24 de octubre de 2005
La correlación entre la importancia de las cumbres presidenciales de carácter multilateral y sus resultados concretos es cada vez más intensa. Aunque los beneficios intangibles de las mismas –los puramente diplomáticos o los políticos vinculados a la “socialización” de los estadistas- sean un hecho, su imposible cuantificación y el precario logro de beneficios tangibles no favorecen una opinión pública aprobatoria de estos acontecimientos. La reciente cumbre iberoamericana celebrada en Salamanca no escapa a esa sintomatología.

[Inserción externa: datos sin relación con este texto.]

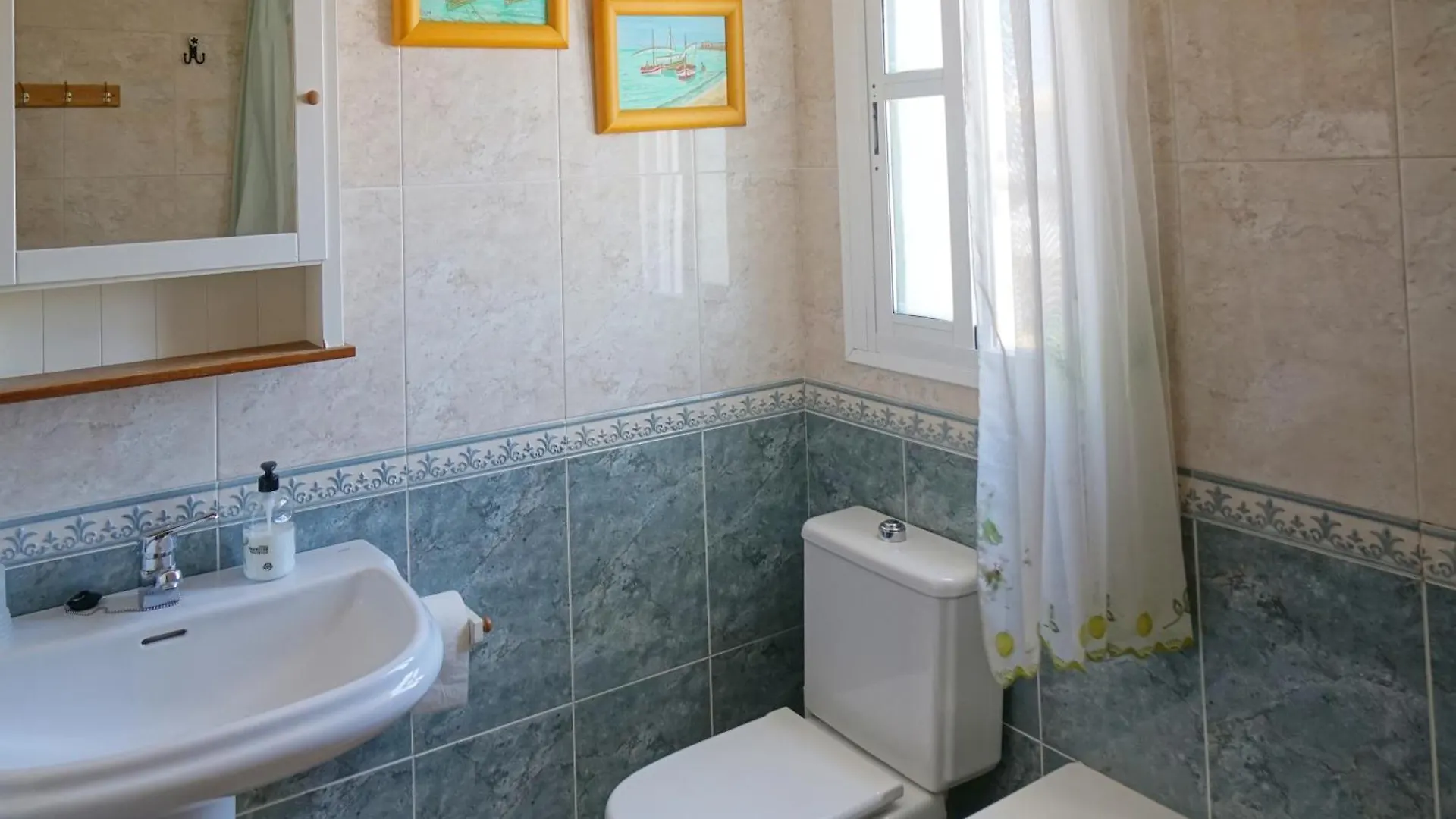 Entre Mar Y Pinos Apartment Punta Umbria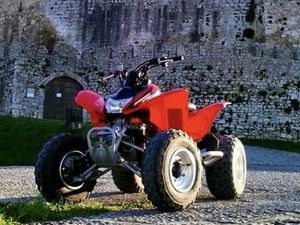 HONDA TRX SPORTRAX 250 SANTO ANTÓNIO DOS OLIVAIS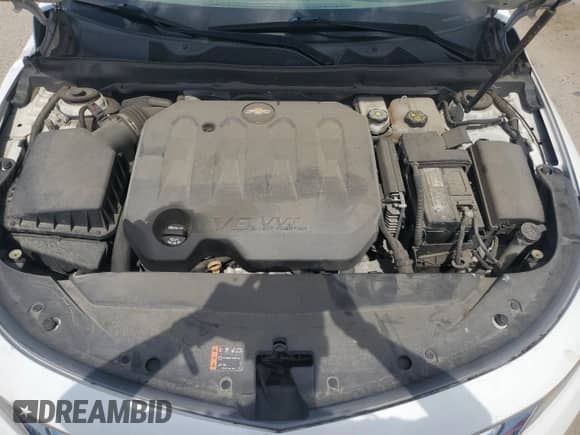 2019 Chevrolet Impala LT с VIN 1G11Z5S36KU102728, выставлен на аукционе Copart как лот 81764055 с пробегом Не указан миль и Чистый • Clean title. История ставок и продаж доступна на DreamBid. Изображение 11.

Y si ésta no podía excluirse del síndorme aludido por razones contextuales ( la proliferación de cumbres regionales y globales cuyas yuxtaposiciones son criticadas por los propios participantes), la cumbre salmantina tampoco pudo escapar a su aparente infertilidad material por razones atribuibles sólo a sus miembros. En efecto, a pesar de haber procedido a su institucionalización (la constitución de una Secretaría General de apoyo con sede en España), la XV cumbre iberoamericana no sólo no ha concretado logros reconocibles sino que, a juzgar por la complejidad y desorden de su Declaración (1) y Comunicados (2) parece haber perdido rumbo y especificidad.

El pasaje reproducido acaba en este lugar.